State Rep Stuart Bishop Is Going Into Alcohol Rehab

By MacAoidh

September 28, 2022

Earlier this week there was some Louisiana legislative news that surprised few who are familiar with goings-on at the state capitol. Stuart Bishop, the Lafayette Republican who serves as chair of the House Ways and Means Committee, announced he’s checking into a rehabilitation facility for alcohol abuse.

“Over the last 12 years I have worked very hard to serve the people of my district and our great state of Louisiana,” he said. “I recognize I have some challenges to overcome for the betterment of myself, my family, and the state of Louisiana.

“I have made the choice to seek help and I will be away for the next 30 days in a program to focus on my alcohol dependence. My goal is to put my family, health, and well-being as a top priority so when I return, I can be the best husband, father, and community servant possible. I appreciate your support and encouragement and I ask for your prayers and understanding.  I look forward to getting back to work soon and fulfilling my duties and continuing to serve the people of Louisiana.”

That Bishop has a problem is maybe the worst-kept secret at the State Capitol, and it was more or less apparent to the public after a much-discussed incident at a downtown Baton Rouge watering hole when Bishop and former state senator Norby Chabert, also known as a big drinker, got into a brawl.

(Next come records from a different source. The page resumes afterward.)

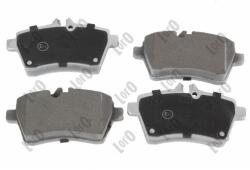 DEPO set placute frana, frana disc DEPO 231-01-116 (231-01-116)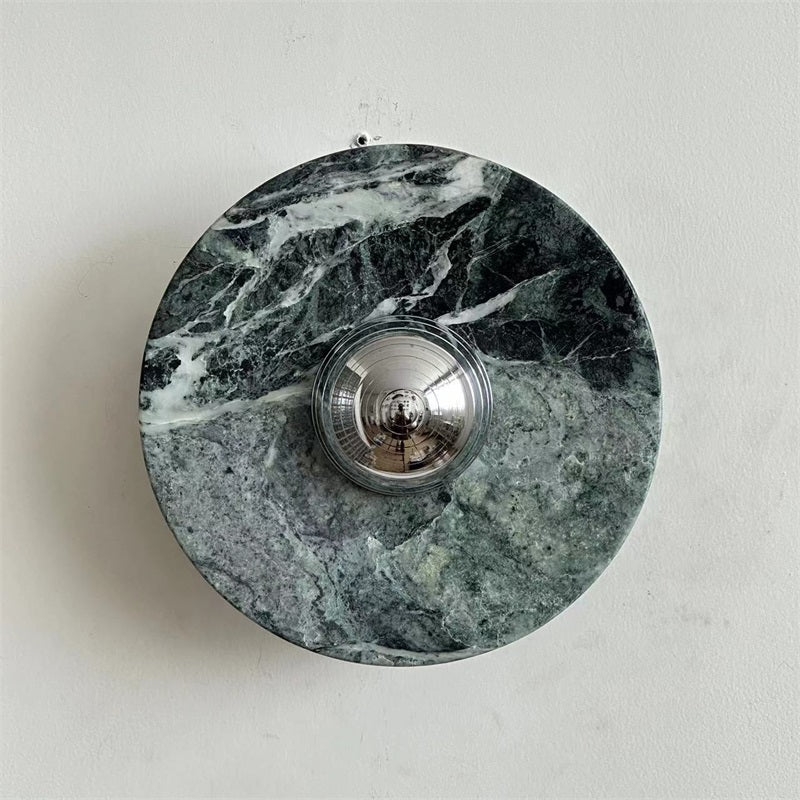 Green Calacatta Marble Sconce D632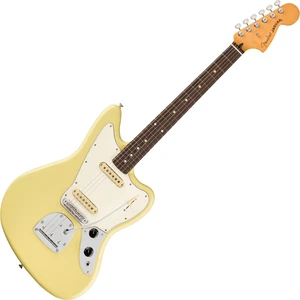 Fender Player II Series Jaguar RW Hialeah Yellow E-Gitarre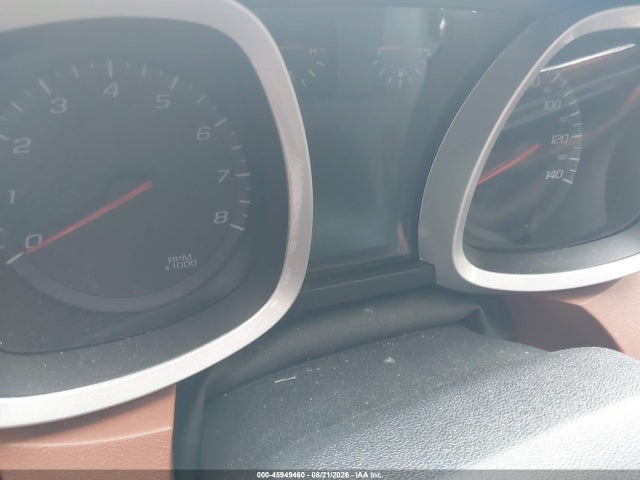 45949460 :رقم المزاد ، 2GNFLGE37G6199215 vin ، 2016 Chevrolet Equinox Ltz مزاد بيع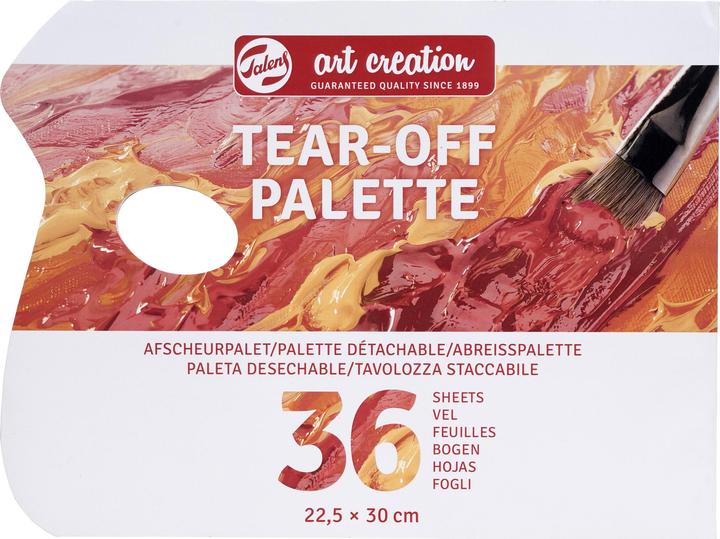 Talens Colour palette 22.5 x 30 cm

There were multiple other reports through the grapevine of Bishop appearing visibly impaired on the House floor.

This post isn’t intended to bash Bishop. We wish him the best of luck in getting the situation under control. Your author spent way too much time and money enjoying the party scene in my 20’s and 30’s not to feel sympathy, if not even camaraderie, with his situation. I happen to be one of the rare examples of someone who found a calling as a writer and had that coincide with a desire to drink less; usually the opposite is true.

But if you’re bored with life booze can intrude very quickly to fill the time, and it can turn a lifestyle choice into a compulsion in the wrong people.

Bishop says he’s getting out of politics for a while when he’s termed out of the House after next year, though, and we think that’s a good thing. The drinking is maybe a reason why, but for his sake – if he’s developing a drinking problem while in the Legislature it could be a sign that he isn’t getting fulfillment from doing that job, and 12 years of toiling away at something which doesn’t reward you will only make you less of a man.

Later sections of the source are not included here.